*** Begin section ***
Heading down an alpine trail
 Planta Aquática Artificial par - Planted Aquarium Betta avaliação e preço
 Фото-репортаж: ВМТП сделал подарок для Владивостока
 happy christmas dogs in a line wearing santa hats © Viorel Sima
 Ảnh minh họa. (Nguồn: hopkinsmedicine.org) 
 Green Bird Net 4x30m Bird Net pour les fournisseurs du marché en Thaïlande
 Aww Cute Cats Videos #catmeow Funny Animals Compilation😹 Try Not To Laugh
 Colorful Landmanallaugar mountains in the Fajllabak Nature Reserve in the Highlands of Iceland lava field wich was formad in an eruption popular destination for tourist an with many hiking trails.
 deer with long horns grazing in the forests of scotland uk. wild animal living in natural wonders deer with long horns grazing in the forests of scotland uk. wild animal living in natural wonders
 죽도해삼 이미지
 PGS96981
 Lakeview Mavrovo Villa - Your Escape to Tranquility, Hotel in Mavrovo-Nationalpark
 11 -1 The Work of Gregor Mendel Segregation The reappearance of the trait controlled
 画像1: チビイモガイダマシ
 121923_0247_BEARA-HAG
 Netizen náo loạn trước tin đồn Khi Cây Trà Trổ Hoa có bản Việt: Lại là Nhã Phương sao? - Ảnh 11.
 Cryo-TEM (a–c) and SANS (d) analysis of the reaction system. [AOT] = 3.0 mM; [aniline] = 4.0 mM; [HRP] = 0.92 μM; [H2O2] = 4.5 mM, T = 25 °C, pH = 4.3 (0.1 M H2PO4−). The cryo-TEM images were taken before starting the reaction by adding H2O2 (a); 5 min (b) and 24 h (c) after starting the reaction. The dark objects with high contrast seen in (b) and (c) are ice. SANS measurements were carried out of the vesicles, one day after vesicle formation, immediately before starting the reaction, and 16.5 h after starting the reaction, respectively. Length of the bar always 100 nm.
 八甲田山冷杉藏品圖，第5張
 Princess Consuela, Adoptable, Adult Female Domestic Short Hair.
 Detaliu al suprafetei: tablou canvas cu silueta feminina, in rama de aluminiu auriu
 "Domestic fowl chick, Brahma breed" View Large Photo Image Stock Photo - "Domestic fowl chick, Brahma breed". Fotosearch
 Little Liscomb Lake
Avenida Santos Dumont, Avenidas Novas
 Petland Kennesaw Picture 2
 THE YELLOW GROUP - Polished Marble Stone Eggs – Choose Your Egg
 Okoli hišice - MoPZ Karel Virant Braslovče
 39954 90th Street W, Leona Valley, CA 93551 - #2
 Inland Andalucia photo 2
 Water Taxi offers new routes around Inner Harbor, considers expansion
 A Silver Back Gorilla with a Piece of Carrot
*** End section ***
■ Prompt ■
Look through the entries above and quote exactly the lines from the line with "Colorful Landmanallaugar mountains" to the line with "Netizen náo loạn", counting both of those lines.

■ Result ■
 Colorful Landmanallaugar mountains in the Fajllabak Nature Reserve in the Highlands of Iceland lava field wich was formad in an eruption popular destination for tourist an with many hiking trails.
 deer with long horns grazing in the forests of scotland uk. wild animal living in natural wonders deer with long horns grazing in the forests of scotland uk. wild animal living in natural wonders
 죽도해삼 이미지
 PGS96981
 Lakeview Mavrovo Villa - Your Escape to Tranquility, Hotel in Mavrovo-Nationalpark
 11 -1 The Work of Gregor Mendel Segregation The reappearance of the trait controlled
 画像1: チビイモガイダマシ
 121923_0247_BEARA-HAG
 Netizen náo loạn trước tin đồn Khi Cây Trà Trổ Hoa có bản Việt: Lại là Nhã Phương sao? - Ảnh 11.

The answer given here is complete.